▶ [EXERCISE INSTRUCTIONS] The records appear below. Copy each one exactly.

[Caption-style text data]
━━━━

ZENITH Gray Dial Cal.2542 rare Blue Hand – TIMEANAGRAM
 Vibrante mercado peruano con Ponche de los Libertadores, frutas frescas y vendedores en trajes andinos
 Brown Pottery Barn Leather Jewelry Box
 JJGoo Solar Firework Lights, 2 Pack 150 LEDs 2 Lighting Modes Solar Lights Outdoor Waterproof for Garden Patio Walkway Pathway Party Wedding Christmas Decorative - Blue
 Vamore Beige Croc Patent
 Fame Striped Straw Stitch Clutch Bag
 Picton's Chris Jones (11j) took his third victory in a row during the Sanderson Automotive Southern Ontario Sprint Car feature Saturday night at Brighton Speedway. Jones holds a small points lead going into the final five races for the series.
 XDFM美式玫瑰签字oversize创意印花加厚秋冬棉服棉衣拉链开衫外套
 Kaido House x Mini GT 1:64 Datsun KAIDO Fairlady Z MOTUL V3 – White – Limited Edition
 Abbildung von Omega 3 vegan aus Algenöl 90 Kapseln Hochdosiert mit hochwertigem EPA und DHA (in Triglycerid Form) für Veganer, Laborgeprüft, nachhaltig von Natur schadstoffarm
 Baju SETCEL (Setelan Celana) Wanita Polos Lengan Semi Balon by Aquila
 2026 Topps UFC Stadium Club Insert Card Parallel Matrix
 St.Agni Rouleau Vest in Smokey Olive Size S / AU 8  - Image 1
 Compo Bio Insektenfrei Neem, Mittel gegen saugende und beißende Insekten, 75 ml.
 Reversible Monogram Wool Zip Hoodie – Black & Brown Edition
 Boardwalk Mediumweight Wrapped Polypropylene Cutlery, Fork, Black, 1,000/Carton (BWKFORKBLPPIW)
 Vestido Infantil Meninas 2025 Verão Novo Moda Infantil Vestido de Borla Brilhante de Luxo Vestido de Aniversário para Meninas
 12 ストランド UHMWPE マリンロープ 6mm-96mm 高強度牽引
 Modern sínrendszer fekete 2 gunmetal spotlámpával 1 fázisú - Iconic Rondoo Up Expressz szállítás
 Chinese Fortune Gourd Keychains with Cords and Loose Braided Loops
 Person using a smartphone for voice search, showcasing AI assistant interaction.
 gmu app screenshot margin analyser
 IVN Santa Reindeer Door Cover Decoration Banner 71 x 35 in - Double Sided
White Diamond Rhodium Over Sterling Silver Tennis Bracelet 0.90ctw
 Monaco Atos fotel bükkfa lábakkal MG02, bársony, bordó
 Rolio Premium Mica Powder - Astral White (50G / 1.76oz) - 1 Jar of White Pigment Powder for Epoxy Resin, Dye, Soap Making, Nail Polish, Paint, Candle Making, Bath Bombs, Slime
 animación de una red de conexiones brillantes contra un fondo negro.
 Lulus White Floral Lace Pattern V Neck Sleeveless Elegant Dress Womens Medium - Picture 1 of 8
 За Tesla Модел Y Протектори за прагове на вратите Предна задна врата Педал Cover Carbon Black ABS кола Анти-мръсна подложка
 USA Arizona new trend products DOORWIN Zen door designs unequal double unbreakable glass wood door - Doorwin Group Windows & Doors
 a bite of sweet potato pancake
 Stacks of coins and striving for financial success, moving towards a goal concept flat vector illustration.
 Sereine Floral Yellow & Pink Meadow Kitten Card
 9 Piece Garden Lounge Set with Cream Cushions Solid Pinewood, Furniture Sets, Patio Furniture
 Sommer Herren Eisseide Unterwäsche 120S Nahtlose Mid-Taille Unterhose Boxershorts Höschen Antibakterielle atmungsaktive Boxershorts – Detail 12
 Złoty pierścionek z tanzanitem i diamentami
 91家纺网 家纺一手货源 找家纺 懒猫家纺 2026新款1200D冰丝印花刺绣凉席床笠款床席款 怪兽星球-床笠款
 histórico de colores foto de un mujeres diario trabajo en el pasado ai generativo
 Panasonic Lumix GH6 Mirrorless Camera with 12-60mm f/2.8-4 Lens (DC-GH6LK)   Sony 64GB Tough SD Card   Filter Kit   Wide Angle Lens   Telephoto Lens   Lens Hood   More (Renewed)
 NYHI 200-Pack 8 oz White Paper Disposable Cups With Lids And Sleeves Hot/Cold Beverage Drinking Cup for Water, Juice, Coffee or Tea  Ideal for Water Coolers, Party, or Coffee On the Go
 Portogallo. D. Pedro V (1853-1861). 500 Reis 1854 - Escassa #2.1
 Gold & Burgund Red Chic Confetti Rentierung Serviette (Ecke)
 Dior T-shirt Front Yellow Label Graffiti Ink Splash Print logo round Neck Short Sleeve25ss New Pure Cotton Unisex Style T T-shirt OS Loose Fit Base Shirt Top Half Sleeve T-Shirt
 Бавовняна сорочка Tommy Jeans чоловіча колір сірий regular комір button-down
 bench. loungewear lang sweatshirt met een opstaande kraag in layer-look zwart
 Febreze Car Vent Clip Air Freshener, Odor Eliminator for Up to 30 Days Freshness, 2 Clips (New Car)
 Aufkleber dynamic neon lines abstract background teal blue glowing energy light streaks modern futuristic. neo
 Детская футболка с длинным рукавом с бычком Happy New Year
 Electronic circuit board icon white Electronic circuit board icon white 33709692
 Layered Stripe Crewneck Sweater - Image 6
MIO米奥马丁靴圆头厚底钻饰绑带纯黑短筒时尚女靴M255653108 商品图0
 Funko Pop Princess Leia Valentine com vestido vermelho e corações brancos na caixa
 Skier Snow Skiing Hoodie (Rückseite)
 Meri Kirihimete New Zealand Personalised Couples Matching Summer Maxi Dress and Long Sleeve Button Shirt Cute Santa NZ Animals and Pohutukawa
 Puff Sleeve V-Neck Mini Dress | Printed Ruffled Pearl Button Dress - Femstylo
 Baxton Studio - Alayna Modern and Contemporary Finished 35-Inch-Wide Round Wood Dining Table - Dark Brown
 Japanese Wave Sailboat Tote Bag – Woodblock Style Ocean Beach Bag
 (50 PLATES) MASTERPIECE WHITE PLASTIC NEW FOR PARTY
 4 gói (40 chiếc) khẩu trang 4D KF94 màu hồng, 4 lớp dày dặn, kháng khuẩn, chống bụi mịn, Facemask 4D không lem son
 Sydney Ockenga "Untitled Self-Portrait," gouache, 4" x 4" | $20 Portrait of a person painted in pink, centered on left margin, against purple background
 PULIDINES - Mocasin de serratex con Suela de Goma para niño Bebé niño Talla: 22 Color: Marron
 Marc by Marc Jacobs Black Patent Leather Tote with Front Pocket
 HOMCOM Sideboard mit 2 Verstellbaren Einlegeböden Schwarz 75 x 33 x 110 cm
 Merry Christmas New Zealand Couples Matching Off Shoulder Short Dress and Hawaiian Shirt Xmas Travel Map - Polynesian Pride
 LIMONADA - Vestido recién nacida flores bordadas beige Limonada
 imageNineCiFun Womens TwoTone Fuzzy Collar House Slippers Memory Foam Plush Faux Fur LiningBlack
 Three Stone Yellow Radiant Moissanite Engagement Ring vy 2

━━━━

▶ [EXERCISE ANSWER]
ZENITH Gray Dial Cal.2542 rare Blue Hand – TIMEANAGRAM
 Vibrante mercado peruano con Ponche de los Libertadores, frutas frescas y vendedores en trajes andinos
 Brown Pottery Barn Leather Jewelry Box
 JJGoo Solar Firework Lights, 2 Pack 150 LEDs 2 Lighting Modes Solar Lights Outdoor Waterproof for Garden Patio Walkway Pathway Party Wedding Christmas Decorative - Blue
 Vamore Beige Croc Patent
 Fame Striped Straw Stitch Clutch Bag
 Picton's Chris Jones (11j) took his third victory in a row during the Sanderson Automotive Southern Ontario Sprint Car feature Saturday night at Brighton Speedway. Jones holds a small points lead going into the final five races for the series.
 XDFM美式玫瑰签字oversize创意印花加厚秋冬棉服棉衣拉链开衫外套
 Kaido House x Mini GT 1:64 Datsun KAIDO Fairlady Z MOTUL V3 – White – Limited Edition
 Abbildung von Omega 3 vegan aus Algenöl 90 Kapseln Hochdosiert mit hochwertigem EPA und DHA (in Triglycerid Form) für Veganer, Laborgeprüft, nachhaltig von Natur schadstoffarm
 Baju SETCEL (Setelan Celana) Wanita Polos Lengan Semi Balon by Aquila
 2026 Topps UFC Stadium Club Insert Card Parallel Matrix
 St.Agni Rouleau Vest in Smokey Olive Size S / AU 8  - Image 1
 Compo Bio Insektenfrei Neem, Mittel gegen saugende und beißende Insekten, 75 ml.
 Reversible Monogram Wool Zip Hoodie – Black & Brown Edition
 Boardwalk Mediumweight Wrapped Polypropylene Cutlery, Fork, Black, 1,000/Carton (BWKFORKBLPPIW)
 Vestido Infantil Meninas 2025 Verão Novo Moda Infantil Vestido de Borla Brilhante de Luxo Vestido de Aniversário para Meninas
 12 ストランド UHMWPE マリンロープ 6mm-96mm 高強度牽引
 Modern sínrendszer fekete 2 gunmetal spotlámpával 1 fázisú - Iconic Rondoo Up Expressz szállítás
 Chinese Fortune Gourd Keychains with Cords and Loose Braided Loops
 Person using a smartphone for voice search, showcasing AI assistant interaction.
 gmu app screenshot margin analyser
 IVN Santa Reindeer Door Cover Decoration Banner 71 x 35 in - Double Sided
White Diamond Rhodium Over Sterling Silver Tennis Bracelet 0.90ctw
 Monaco Atos fotel bükkfa lábakkal MG02, bársony, bordó
 Rolio Premium Mica Powder - Astral White (50G / 1.76oz) - 1 Jar of White Pigment Powder for Epoxy Resin, Dye, Soap Making, Nail Polish, Paint, Candle Making, Bath Bombs, Slime
 animación de una red de conexiones brillantes contra un fondo negro.
 Lulus White Floral Lace Pattern V Neck Sleeveless Elegant Dress Womens Medium - Picture 1 of 8
 За Tesla Модел Y Протектори за прагове на вратите Предна задна врата Педал Cover Carbon Black ABS кола Анти-мръсна подложка
 USA Arizona new trend products DOORWIN Zen door designs unequal double unbreakable glass wood door - Doorwin Group Windows & Doors
 a bite of sweet potato pancake
 Stacks of coins and striving for financial success, moving towards a goal concept flat vector illustration.
 Sereine Floral Yellow & Pink Meadow Kitten Card
 9 Piece Garden Lounge Set with Cream Cushions Solid Pinewood, Furniture Sets, Patio Furniture
 Sommer Herren Eisseide Unterwäsche 120S Nahtlose Mid-Taille Unterhose Boxershorts Höschen Antibakterielle atmungsaktive Boxershorts – Detail 12
 Złoty pierścionek z tanzanitem i diamentami
 91家纺网 家纺一手货源 找家纺 懒猫家纺 2026新款1200D冰丝印花刺绣凉席床笠款床席款 怪兽星球-床笠款
 histórico de colores foto de un mujeres diario trabajo en el pasado ai generativo
 Panasonic Lumix GH6 Mirrorless Camera with 12-60mm f/2.8-4 Lens (DC-GH6LK)   Sony 64GB Tough SD Card   Filter Kit   Wide Angle Lens   Telephoto Lens   Lens Hood   More (Renewed)
 NYHI 200-Pack 8 oz White Paper Disposable Cups With Lids And Sleeves Hot/Cold Beverage Drinking Cup for Water, Juice, Coffee or Tea  Ideal for Water Coolers, Party, or Coffee On the Go
 Portogallo. D. Pedro V (1853-1861). 500 Reis 1854 - Escassa #2.1
 Gold & Burgund Red Chic Confetti Rentierung Serviette (Ecke)
 Dior T-shirt Front Yellow Label Graffiti Ink Splash Print logo round Neck Short Sleeve25ss New Pure Cotton Unisex Style T T-shirt OS Loose Fit Base Shirt Top Half Sleeve T-Shirt
 Бавовняна сорочка Tommy Jeans чоловіча колір сірий regular комір button-down
 bench. loungewear lang sweatshirt met een opstaande kraag in layer-look zwart
 Febreze Car Vent Clip Air Freshener, Odor Eliminator for Up to 30 Days Freshness, 2 Clips (New Car)
 Aufkleber dynamic neon lines abstract background teal blue glowing energy light streaks modern futuristic. neo
 Детская футболка с длинным рукавом с бычком Happy New Year
 Electronic circuit board icon white Electronic circuit board icon white 33709692
 Layered Stripe Crewneck Sweater - Image 6
MIO米奥马丁靴圆头厚底钻饰绑带纯黑短筒时尚女靴M255653108 商品图0
 Funko Pop Princess Leia Valentine com vestido vermelho e corações brancos na caixa
 Skier Snow Skiing Hoodie (Rückseite)
 Meri Kirihimete New Zealand Personalised Couples Matching Summer Maxi Dress and Long Sleeve Button Shirt Cute Santa NZ Animals and Pohutukawa
 Puff Sleeve V-Neck Mini Dress | Printed Ruffled Pearl Button Dress - Femstylo
 Baxton Studio - Alayna Modern and Contemporary Finished 35-Inch-Wide Round Wood Dining Table - Dark Brown
 Japanese Wave Sailboat Tote Bag – Woodblock Style Ocean Beach Bag
 (50 PLATES) MASTERPIECE WHITE PLASTIC NEW FOR PARTY
 4 gói (40 chiếc) khẩu trang 4D KF94 màu hồng, 4 lớp dày dặn, kháng khuẩn, chống bụi mịn, Facemask 4D không lem son
 Sydney Ockenga "Untitled Self-Portrait," gouache, 4" x 4" | $20 Portrait of a person painted in pink, centered on left margin, against purple background
 PULIDINES - Mocasin de serratex con Suela de Goma para niño Bebé niño Talla: 22 Color: Marron
 Marc by Marc Jacobs Black Patent Leather Tote with Front Pocket
 HOMCOM Sideboard mit 2 Verstellbaren Einlegeböden Schwarz 75 x 33 x 110 cm
 Merry Christmas New Zealand Couples Matching Off Shoulder Short Dress and Hawaiian Shirt Xmas Travel Map - Polynesian Pride
 LIMONADA - Vestido recién nacida flores bordadas beige Limonada
 imageNineCiFun Womens TwoTone Fuzzy Collar House Slippers Memory Foam Plush Faux Fur LiningBlack
 Three Stone Yellow Radiant Moissanite Engagement Ring vy 2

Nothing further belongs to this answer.